**Your objective**
Reproduction of part of the material below, pictures omitted: copy exactly, and only, the lines starting with the one with "レタスとカニカマのチャーハン-レシピのメイン写真" and going on through the one with "Schöne Cartoon glänzende".

**Given information**
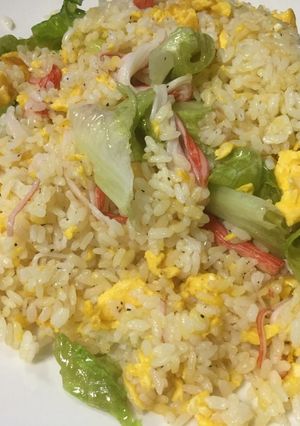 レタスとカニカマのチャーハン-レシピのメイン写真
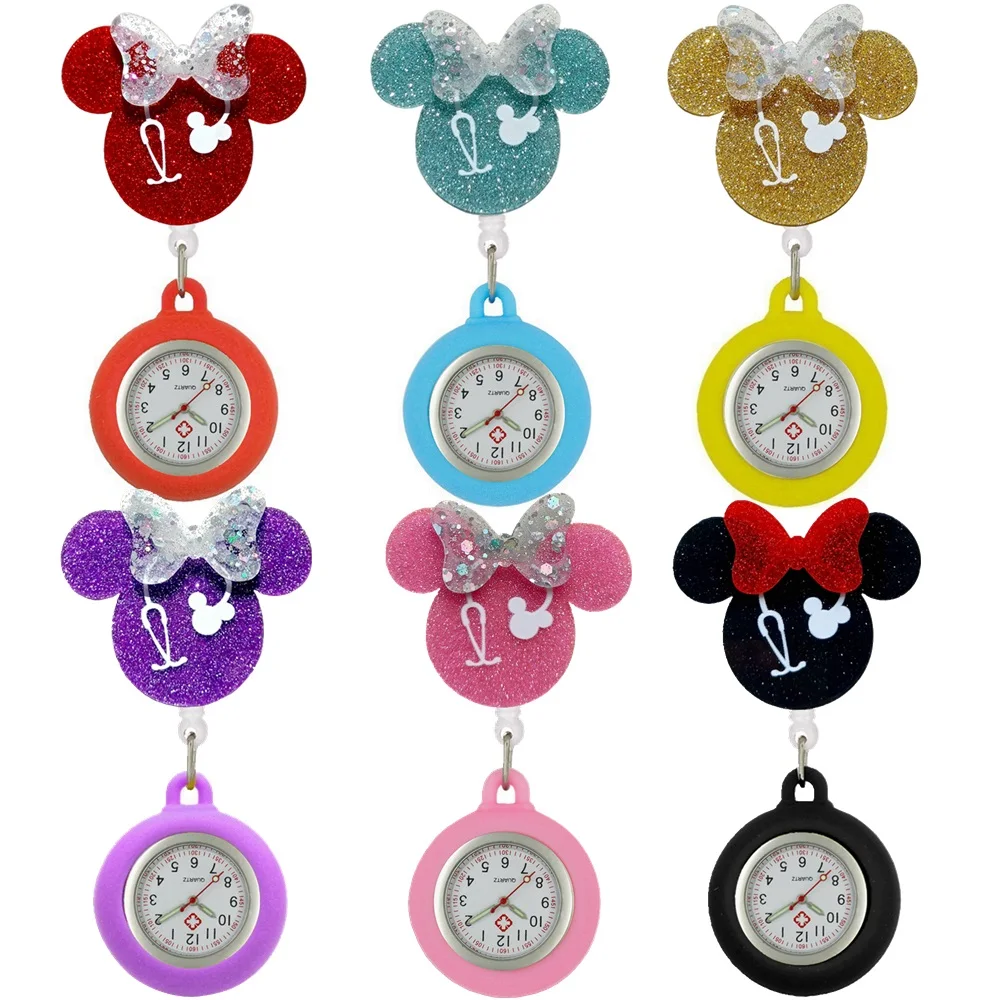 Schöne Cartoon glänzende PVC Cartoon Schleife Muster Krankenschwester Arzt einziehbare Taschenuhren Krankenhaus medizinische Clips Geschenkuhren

---

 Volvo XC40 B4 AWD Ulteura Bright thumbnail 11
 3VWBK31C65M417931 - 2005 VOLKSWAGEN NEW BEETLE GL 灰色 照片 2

**Finished exercise**
 レタスとカニカマのチャーハン-レシピのメイン写真
 Schöne Cartoon glänzende PVC Cartoon Schleife Muster Krankenschwester Arzt einziehbare Taschenuhren Krankenhaus medizinische Clips Geschenkuhren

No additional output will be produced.